As the Heard County High School football team braces for the No. 1 defense in all of Class AA in the state semifinals on Friday night, Aaron Beasley aims to be a difference-maker in catapulting the Braves to Mercedes-Benz Stadium.

The junior tailback/safety has been a key asset for Heard County head coach Tim Barron on both sides of the ball, but upon facing a Hapeville Charter defense loaded with Division I talent, it's going to take the bruising rushing style of Beasley to sustain drives and have success against the Hornets (12-1).

"This week he's going to have to be a downhill guy. They run so well. You're not going to out-run this bunch. It's just not going to happen. Their back end, counting those inside backers, outside backers and secondary, they close so fast," Barron said. "You watch film on those guys and they close it down so fast that Beasley's got to be a guy that's downhill picking us up three, picking us up four."

Hapeville Charter enters Friday night's 7:30 semifinal showdown at Staples Stadium surrendering just 6.7 points per game and has held opponents to single digits in nine of its 13 games this season, including five shutouts.

The Hornets feature the Region 6-AA Defensive Player of the Year in senior defensive end and South Carolina commit Kingsley Enagbare, along with defensive back Chris Smith, a Georgia commit.

But there's much more in the arsenal than just those two guys, as Barron has yet to find a weakness at any level of the defense.

"A lot of times when you game plan somebody, you can find something personnel-wise that you want to attack," Barron said. "There's nobody on that defense that we can look up and say, 'Hey, we want to attack this young man.' They just don't have it. They're that talented."

Along with an incredible physical talent, the key ingredient that Beasley has delivered upon joining Heard County (12-1) this fall is balance to an offense that includes one of the top quarterbacks in the nation for the Class of 2018 in Emory Jones and two dynamic receivers with senior Jaden Moreland and junior Alijah Huzzie.

"We've had some really good running teams and we've been able to throw the ball at times, but to have that balance, that's been the key for us offensively this year," Barron said. "Defenses have to defend the run game, defend the pass game. For us to have that balance, it makes us a much more dangerous offense to prepare for."

Beasley, who rushed for 132 yards and a touchdown in last week's historic state quarterfinal win at Thomasville, has made the most of his time in Franklin this fall after transferring from nearby Bowdon over the summer, noting how there's a strong chemistry with his teammates.

"I've gotten really comfortable with them. I'm with them every day almost. We've just bonded together and on the field we just click. It's like we've been playing together since we were kids," Beasley said.

Barron has also noticed a nice comfort level since Beasley joined the Braves.

"He's mixed in well. He's a quiet kid. He's not a loud, outspoken young man.
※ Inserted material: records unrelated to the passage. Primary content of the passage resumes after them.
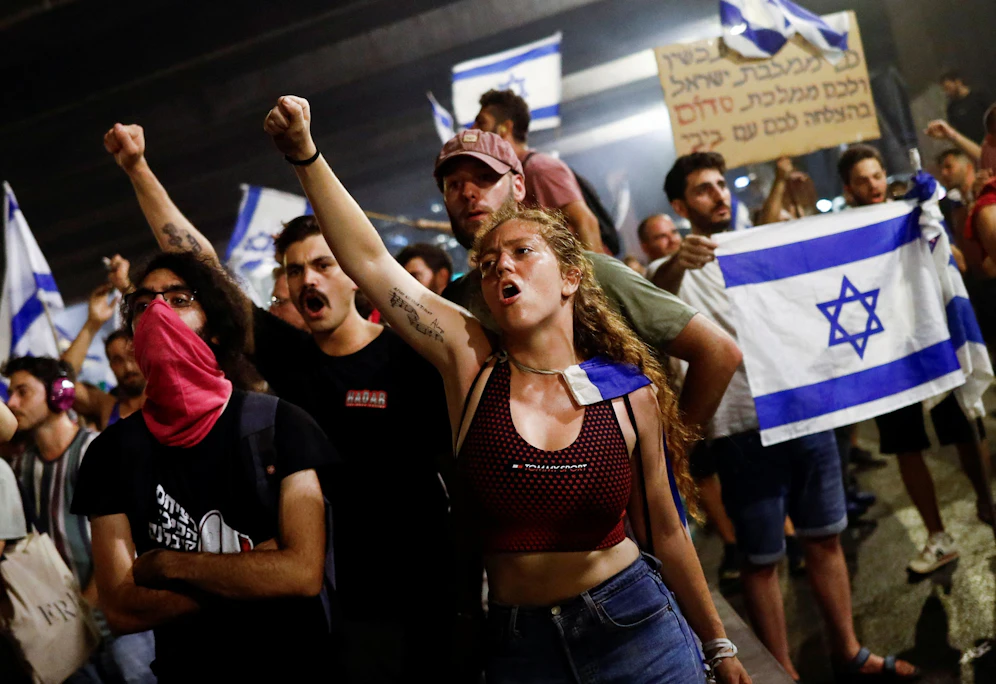 In der Nacht auf Dienstag kam es in Israel erneut zu massiven Protesten gegen die Justizreform. 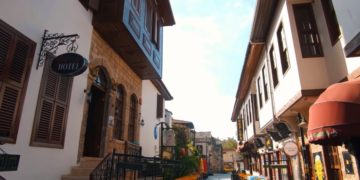 Для туристов выделили самые безопасные в период коронавируса курорты Турции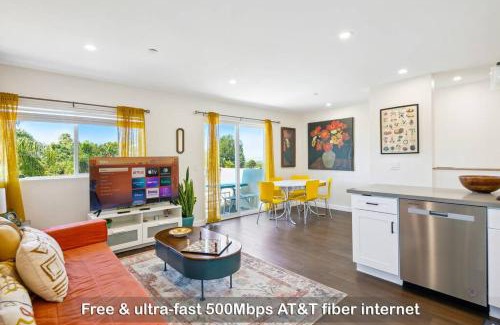 National City House | Entire Private 3-BR Home w Balcony Views 10-mins to SD Gaslamp, Downtown, Available Now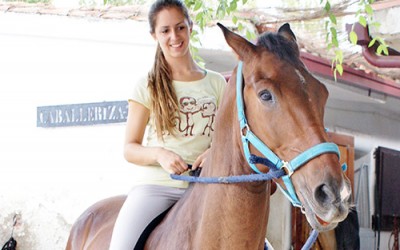 Marina González, amazona: «Ver a mi caballo me libera de todo lo malo; es una forma de vida que no sabría ni querría cambiar»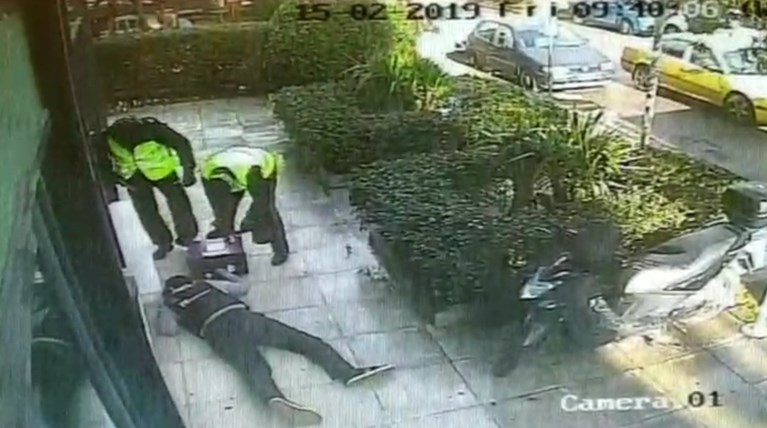 Καρέ-καρέ η ληστεία χρηματαποστολής στο Ψυχικό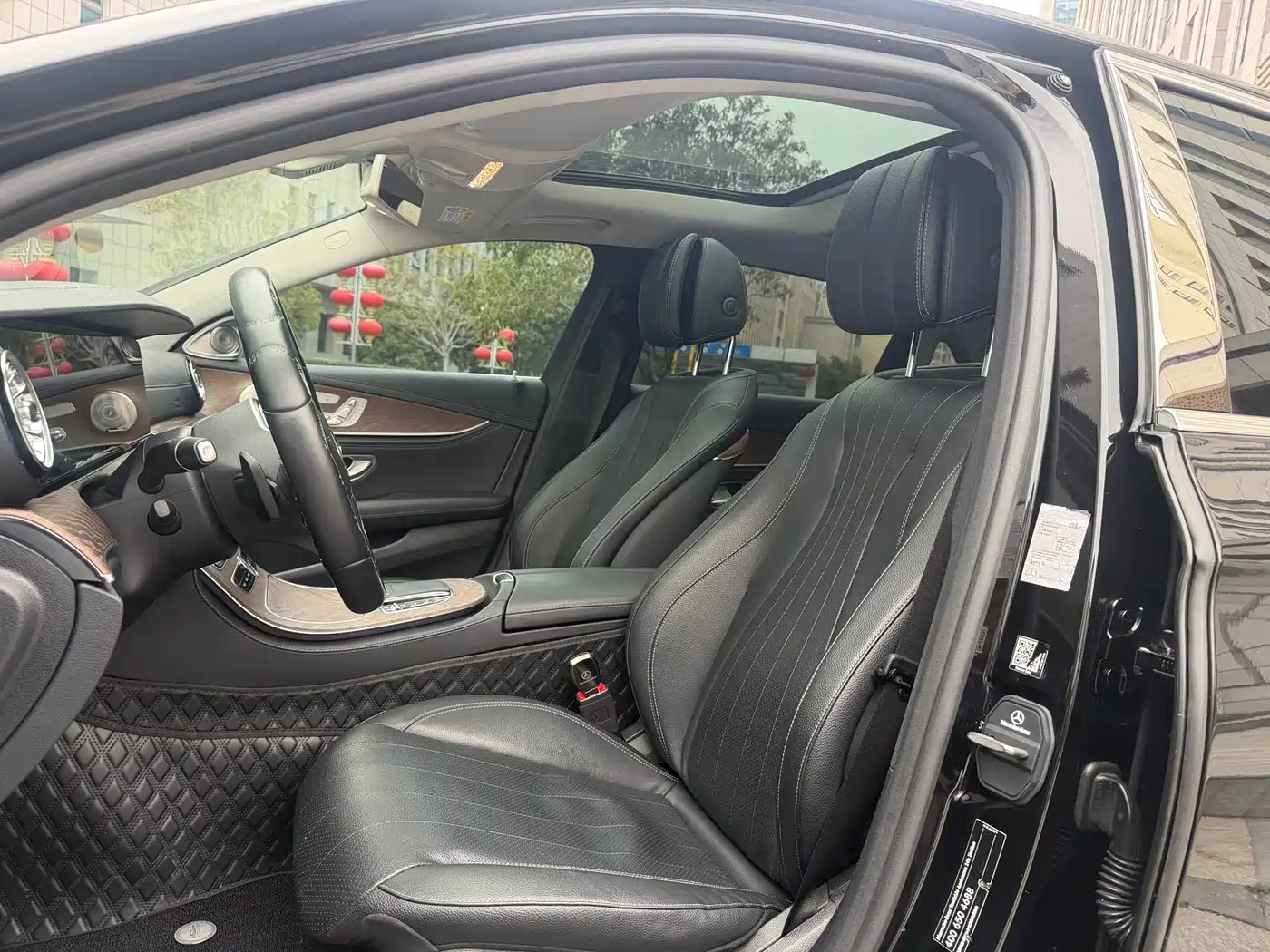 Mercedes-Benz E-Class 2019 E 300 L Fashion фото 12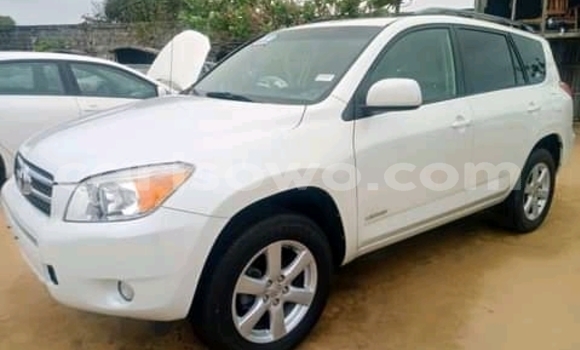 Sayi Imported Toyota RAV4 White Mota in Cotonou a Benin Sayi Imported Toyota RAV4 White Mota in Cotonou a Benin
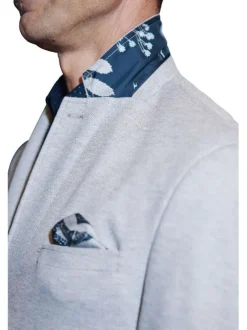 Blazer gris clair uni coupe ajustée avec un col cubain et manches longues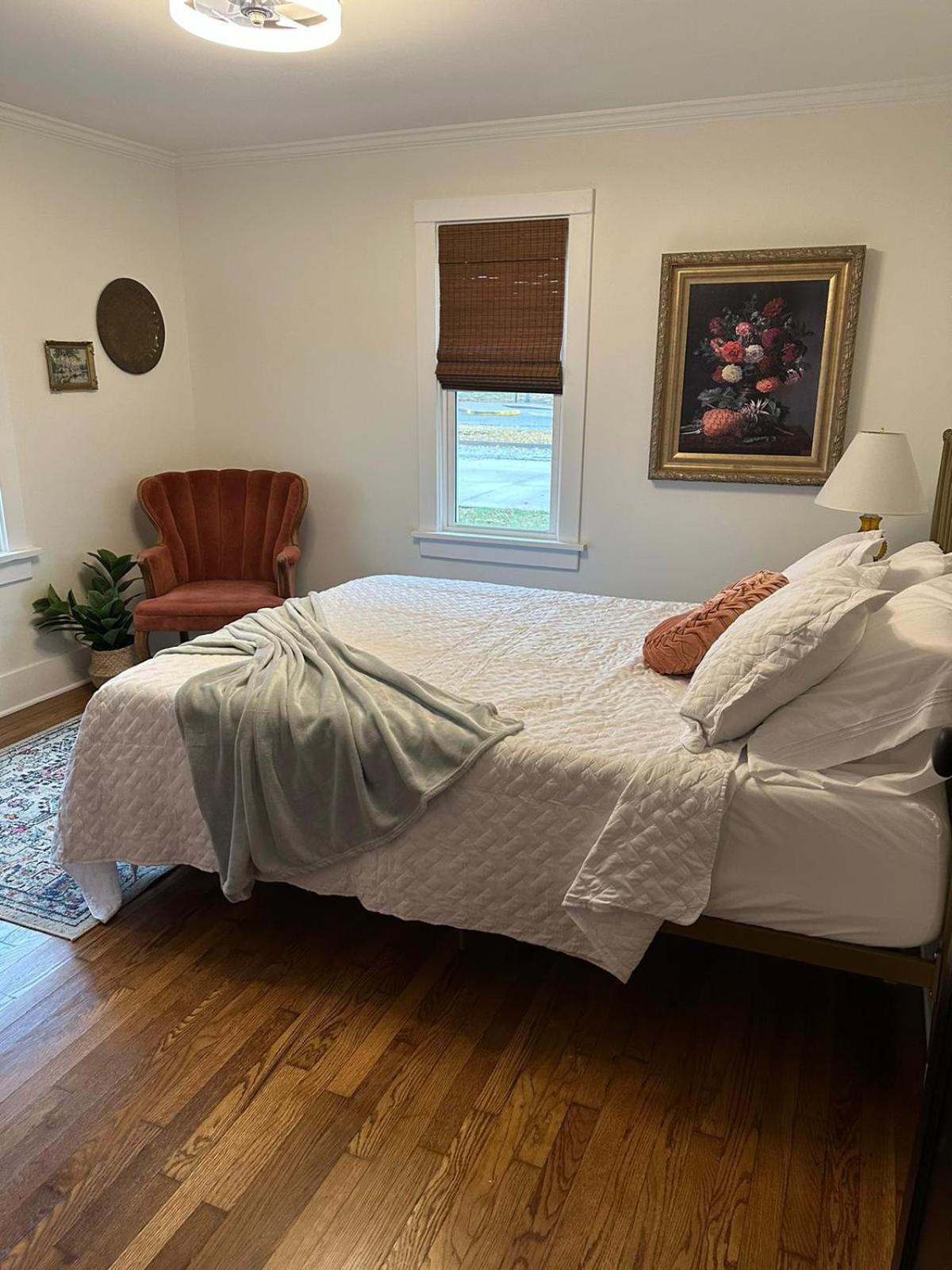 Crabapple Cottage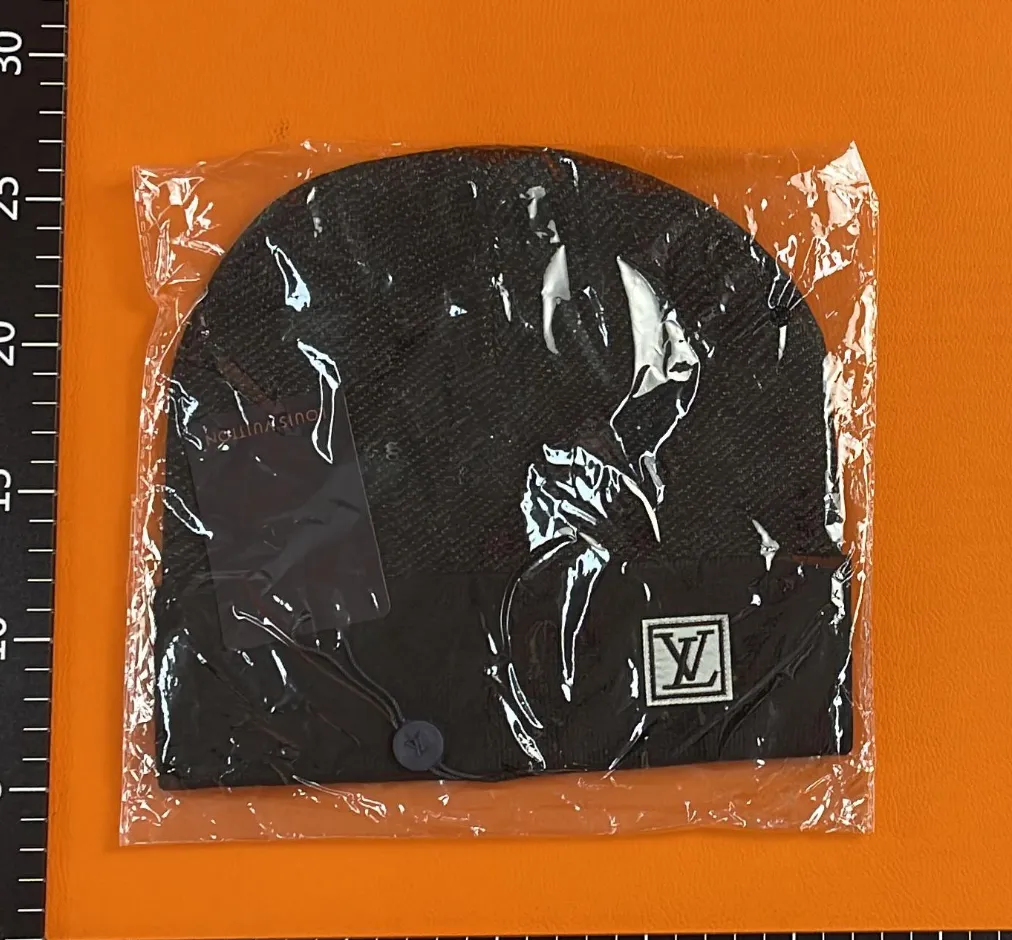 Lv beanie – Bild 1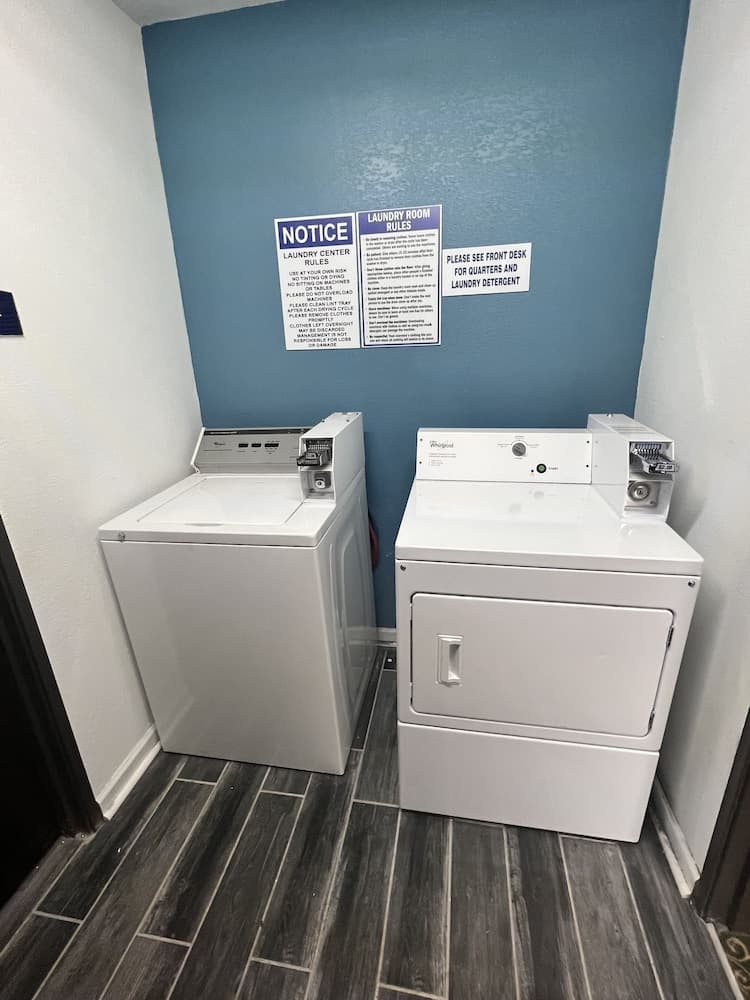 Days Inn by Wyndham Greenville South/Mauldin interior in Mauldin, SC — gallery photo 2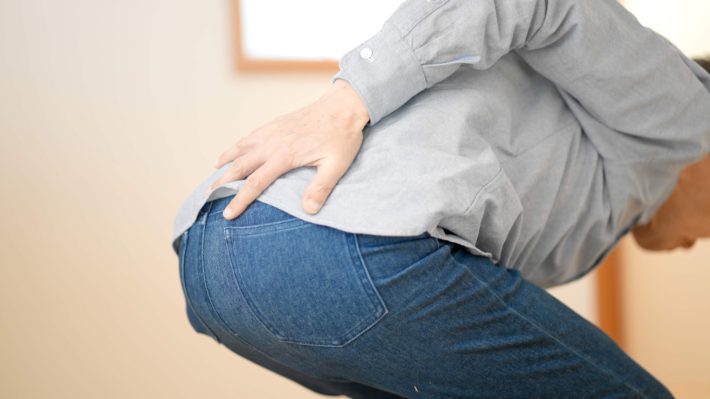 ぎっくり腰の男性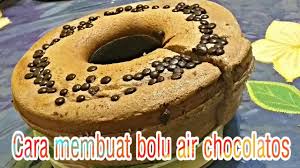 Diranah minang, seorang menantu cewek wajib membawa makanan ke rumah mertuanya di saat lebaran, bisa berupa kue ato samba ( semacam lauk2), nama bekennya manjalang mintuo.suatu ketika sang kk ipar membawa dua kotak kue bolu kerumah , kirain kuenya dibeli, e ga taunya bikin sendokir. Cara Membuat Bolu Air Chocolatos 2 Telur Dijamin Mantull Youtube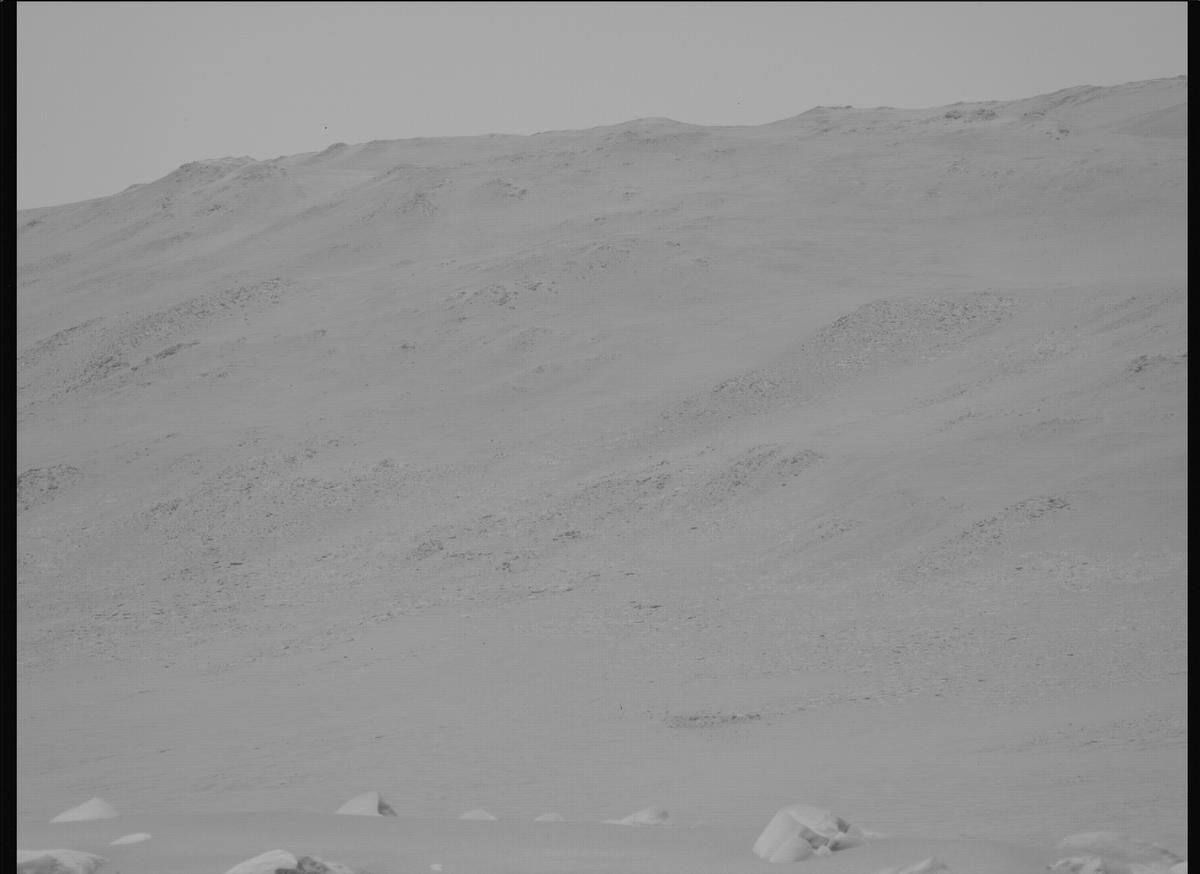 This image was taken by MCZ_LEFT onboard NASA's Mars rover Perseverance on Sol 837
He doesn't talk a whole lot, but you can see from his interactions and smiling where you know he's comfortable," Barron said. "Of course, I'm sure it was tough to leave a lot of good friends and good people in Bowdon. I know that was hard on him and he still stays in touch with those guys and they're still important to him, but he's fit in well with us."

Looking ahead to Friday's matchup with the Hornets, the 6-foot-1, 205-pound Division I recruit believes the Braves have the firepower to put points on the board against one of the stingiest defenses in the state.

"I don't feel like Hapeville has played anybody all season that has both the running game and passing game. We've got that, so I feel like it gives us a better advantage," Beasley said.

Of course, he understands that nothing is going to come easy on Friday night and it's going to take Heard County's best effort to pull out the victory and advance to the Class AA state championship game.

"We've got keep doing what we've been doing. We've got to execute blocks and execute our plays and we should be fine," Beasley said.

Along with his prolific offensive numbers, Beasley has also been a disruptive force defensively in 2017, holding down the back end of the defense upon developing a reputation as a heavy hitter.

"He just fits in to our 4-2-5 where the free safety is involved in the run game. Beasley loves to run downhill and play that alley. We've had some big hitters at that position, but never somebody that brings the load that Beasley brings," Barron said.

Beasley recorded a pair of interceptions to go along with his 100-yard rushing effort last week, and Barron said he is actually being looked at on both sides of the ball at the next level.

"South Carolina really likes a bigger back at running back and others like him at safety or OLB. So it just depends on what kind of scheme they're looking for, what they do offensively and what kind of scheme they do defensively," Barron said.

Beasley visited Georgia Tech this past weekend and also has high interest from South Carolina. With seven official offers at this point,  he's hopeful of receiving offers from Georgia, Auburn and South Carolina over the next year.

But right now his No. 1 concern is keeping the state championship dream alive for Heard County. After becoming part of history in last week's first-ever state quarterfinal triumph, Beasley and the Braves have two more items on the to-do list before they'll be satisfied.

"It's been special. We're getting a lot of love from the community, but we've got to keep going. We ain't done yet," Beasley said.